The movie stars Nicole Kidman and Aaron Eckhart as an affluent, suburban couple grieving for their son who was killed in a car accident eight months before the movie began. Grief tests their marriage. The wife reacts by clearing out her son's possessions, opting out of group, wanting to move house and, perhaps, most disturbingly, by striking up a friendship with her the preternaturally sensitive teen who was driving the car in the accident. The husband seems to be much more open about his grief and rage and feels frustrated by his wife's secretive and volatile behaviour - almost tempted into an affair but with the fortitude to bend toward his wife one last time.
Kidman got the plaudits for her performance - including an Oscar nomination - and she is just fine in her role - particularly good in a scene where she secretly returns to the City hoping to find the life she left behind only to realise it has left HER behind. But her complete shut-down restraint - very well calibrated - makes for a sterile hole at the centre of the film, and I'm not sure the film survives it. This isn't helped by the rather flat, uninteresting work behind the screen from John Cameron Mitchell and his regular DP Frank DeMarco using a RedOne. What saves the film is Aaron Eckhart in what is probably his best performance to date. He manages to combine great sensitivity and humour - and in the key cathartic scene he never trips into hysterical melodrama but keeps it authentic. It's a less showy performance as a result, and perhaps went overlooked for that reason, but it's completely emotionally devastating.

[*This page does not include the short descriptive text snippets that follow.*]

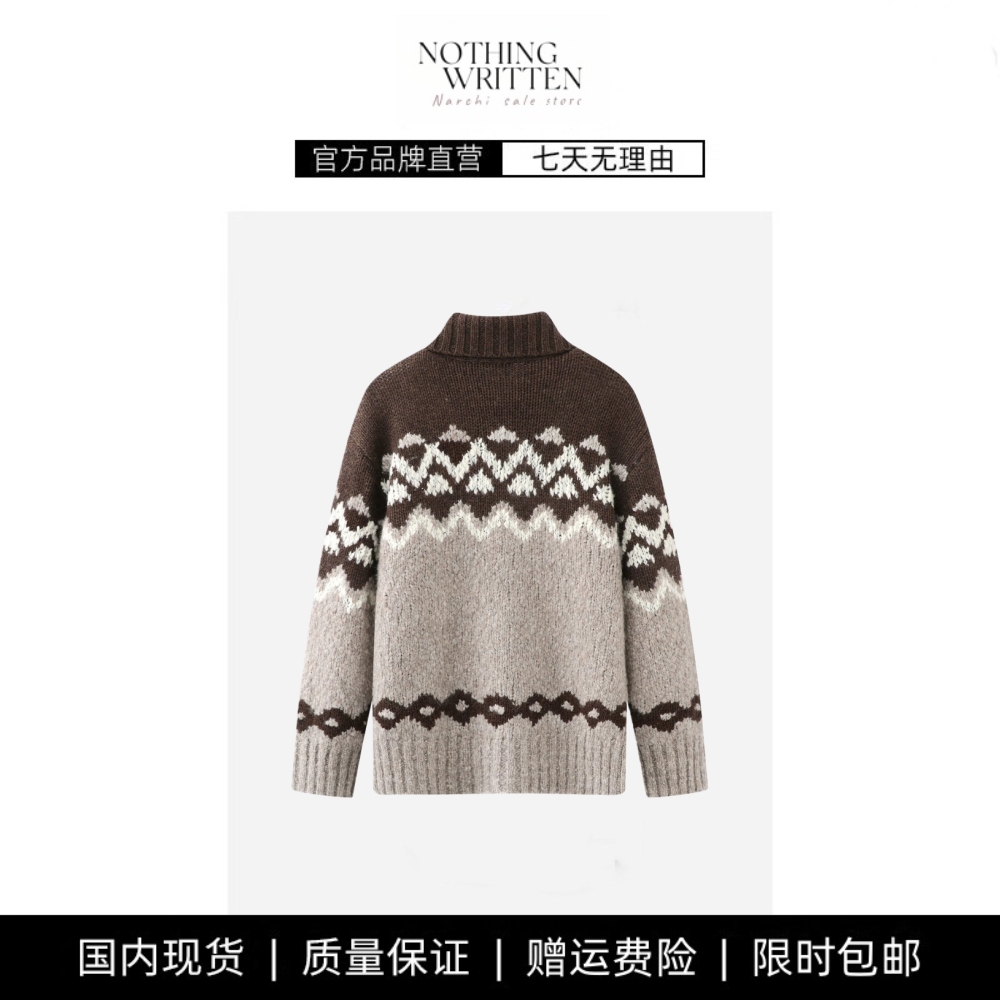 【现货】NOTHING WRITTEN羊毛厚实费尔岛花纹高领宽松休闲针织衫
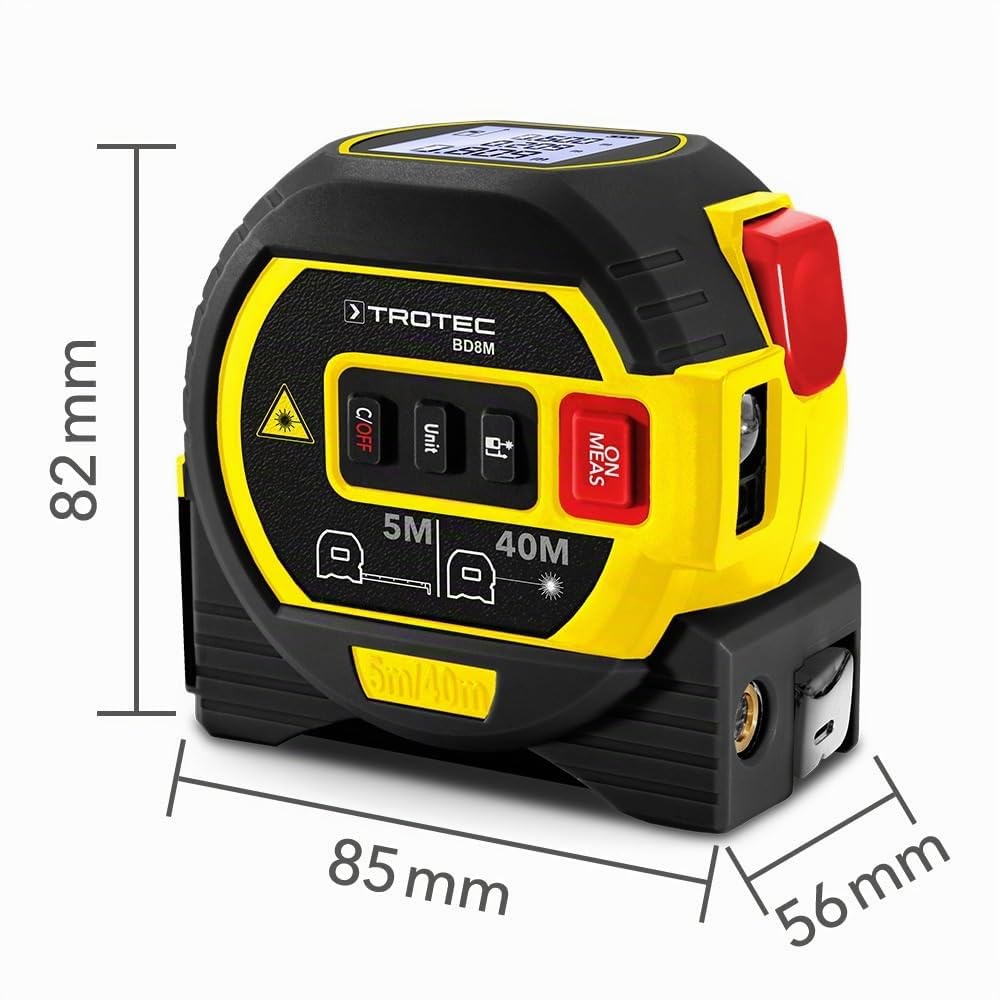 TROTEC Télémètre Laser BD8M - Mesure de Distance au Laser de 0,05 m à 40 m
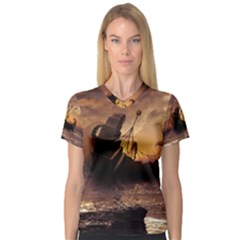 Steampunk Fractalscape, A Ship For All Destinations Women s V-neck Sport Mesh Tee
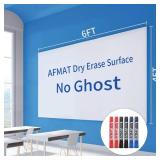 Dry Erase Whiteboard Paper, Large White Board Stickers for Wall, 6x4ft Dry Erase Paper Roll with Adhesive Backing, Perfect Replacement for White Board, No Ghost After 60 Days, 6 Much Better Markers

RABBIT HOLE played Toronto 2010 and was released last year in Canada and the USA. It was released earlier this year in Sweden, Russia, Denmark, Ireland, the UK, Greece, Italy, Australia, Singapore, Finland, Serbia, Croatia, the Netherlands, Belgium, France, Turkey, Poland, Brazil, Indonesia and Argentina. It is available to rent and own. Nicole Kidman was nominated for Best Actress at the 2011 Oscars but lost to Natalie Portman for BLACK SWAN.